# Axel/Dan - locos shut loco down when "select loco" again.



## maxter151 (Dec 28, 2011)

I have the* NCE Power Pro PH-10*, (10 amp command station) and it has the latest version ROM. When I have any loco running on the track and I press "Select Loco" to run a different engine, everything continues as it was. But when I press "Select Loco", to go back to the other loco, it shuts that down and comes to an immediate halt on the track as soon as I press "Enter". When I press any function button it starts back up and I need to increase speed from *"zero"* all over again. It does this even if it is the only engine on the track and I simulate "Select Loco" to a different loco and then back to that loco. I did an experiment and it also does this when I simply select the loco when it is already running as the selected loco, without even going to a different loco at all, or with no other loco even on the track. I tried this with my other locos and it does the exact same thing. Do you or anyone know why this would happen? Thanks.

*Mark Peterson*


----------



## Cougar Rock Rail (Jan 2, 2008)

Yet another NCE quirk by the sounds of it--you need to see if there is a way to "hand-off" one locomotive to another--Greg should be able to help out here. Since it does it will all locos then it's probably not the decoder setting, though you should check that it is programmed for enabling hand-off (at least that can be set on LGB/Massoth decoders and on MTS/Massoth systems). 

Keith


----------



## maxter151 (Dec 28, 2011)

Hi Keith. Hmmm. I'm not using the LGB/Massoth decoders and on MTS/Massoth systems. I use only the NCE and Zimo decoders.

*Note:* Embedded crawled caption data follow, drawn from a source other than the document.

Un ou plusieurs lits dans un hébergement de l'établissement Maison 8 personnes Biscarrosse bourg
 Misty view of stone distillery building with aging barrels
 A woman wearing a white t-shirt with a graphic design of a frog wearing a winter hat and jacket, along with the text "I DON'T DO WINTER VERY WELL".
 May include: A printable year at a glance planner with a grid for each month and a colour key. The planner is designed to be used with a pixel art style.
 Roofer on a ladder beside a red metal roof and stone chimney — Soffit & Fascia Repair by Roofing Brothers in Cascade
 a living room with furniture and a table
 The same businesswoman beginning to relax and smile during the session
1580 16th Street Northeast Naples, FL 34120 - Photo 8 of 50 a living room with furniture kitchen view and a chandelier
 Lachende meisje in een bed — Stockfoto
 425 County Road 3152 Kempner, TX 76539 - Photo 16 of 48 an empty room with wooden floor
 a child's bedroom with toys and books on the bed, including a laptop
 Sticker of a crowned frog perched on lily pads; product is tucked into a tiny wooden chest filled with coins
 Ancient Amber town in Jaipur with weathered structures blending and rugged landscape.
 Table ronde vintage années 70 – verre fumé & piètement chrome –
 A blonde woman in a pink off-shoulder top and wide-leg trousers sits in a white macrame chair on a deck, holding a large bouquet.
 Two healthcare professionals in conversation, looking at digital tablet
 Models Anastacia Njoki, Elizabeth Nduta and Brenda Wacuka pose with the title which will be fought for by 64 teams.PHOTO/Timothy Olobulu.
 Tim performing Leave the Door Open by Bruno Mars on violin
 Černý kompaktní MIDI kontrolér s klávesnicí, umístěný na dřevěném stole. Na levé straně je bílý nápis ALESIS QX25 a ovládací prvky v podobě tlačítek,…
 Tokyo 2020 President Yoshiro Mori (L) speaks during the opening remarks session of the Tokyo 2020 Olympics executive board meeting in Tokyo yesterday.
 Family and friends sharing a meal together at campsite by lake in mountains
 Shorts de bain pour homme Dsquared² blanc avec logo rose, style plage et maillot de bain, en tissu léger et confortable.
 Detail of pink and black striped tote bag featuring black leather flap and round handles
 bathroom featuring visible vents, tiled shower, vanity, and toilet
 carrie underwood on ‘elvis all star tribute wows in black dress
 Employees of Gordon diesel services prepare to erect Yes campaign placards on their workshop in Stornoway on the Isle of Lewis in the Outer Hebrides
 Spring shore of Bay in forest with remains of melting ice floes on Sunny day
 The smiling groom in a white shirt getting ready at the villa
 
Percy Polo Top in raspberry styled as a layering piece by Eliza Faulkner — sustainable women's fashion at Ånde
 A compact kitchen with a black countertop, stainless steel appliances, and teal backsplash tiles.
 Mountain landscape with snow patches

I've never heard of "hand-off" one locomotive to another, and do not know how to check that in Zimo or NCE decoders or even if they have that ability. Can anyone shed any light on that possibility? Thanks.

*Mark Peterson*


----------



## Cougar Rock Rail (Jan 2, 2008)

I was just looking at a NCE manual and it seems there is a 'recall' function to cycle between locos stored in the handheld. Maybe you have to use that function in order not to cut off the previous one? I would say have a look for that "recall" function in your manual and see if that helps. 
edit:

Mark, here is the section of the manual I was referring to:

* RUNNING TWO LOCOMOTIVES WITH ONE CAB
* #1 Select the first locomotive you wish to run (*SELECT LOCO *followed by address then
* ENTER*).
#2 Press *RECALL *to store this locomotive in one of the internal recall “slots” of the cab.
The display of the cab will now show a locomotive of 000.
#3 Select the second locomotive and start running it.
#4 By pressing *RECALL *you can toggle back and forth between the two different
locomotives. At any time you can select a new locomotive “over the top” of any
locomotive already on the display. The existing locomotive will be forgotten by the cab


with the new one taking it’s place. The one in RECALL will remain available for recall.

Keith


----------



## maxter151 (Dec 28, 2011)

Thank you so much, Keith. That worked. The manual says I can change Cab parameters to include up to 6 locos. 2 is the factory default. There sure are some really cool people in here. I'm very thankful for that. This is a great website.

*Mark Peterson*


----------



## Greg Elmassian (Jan 3, 2008)

His problem was because he was "re-selecting" a loco that the cab had already selected. 

There's more you can do. Mark, the manual is worth reading, you will most likely find many more features you want to use. 

Greg


----------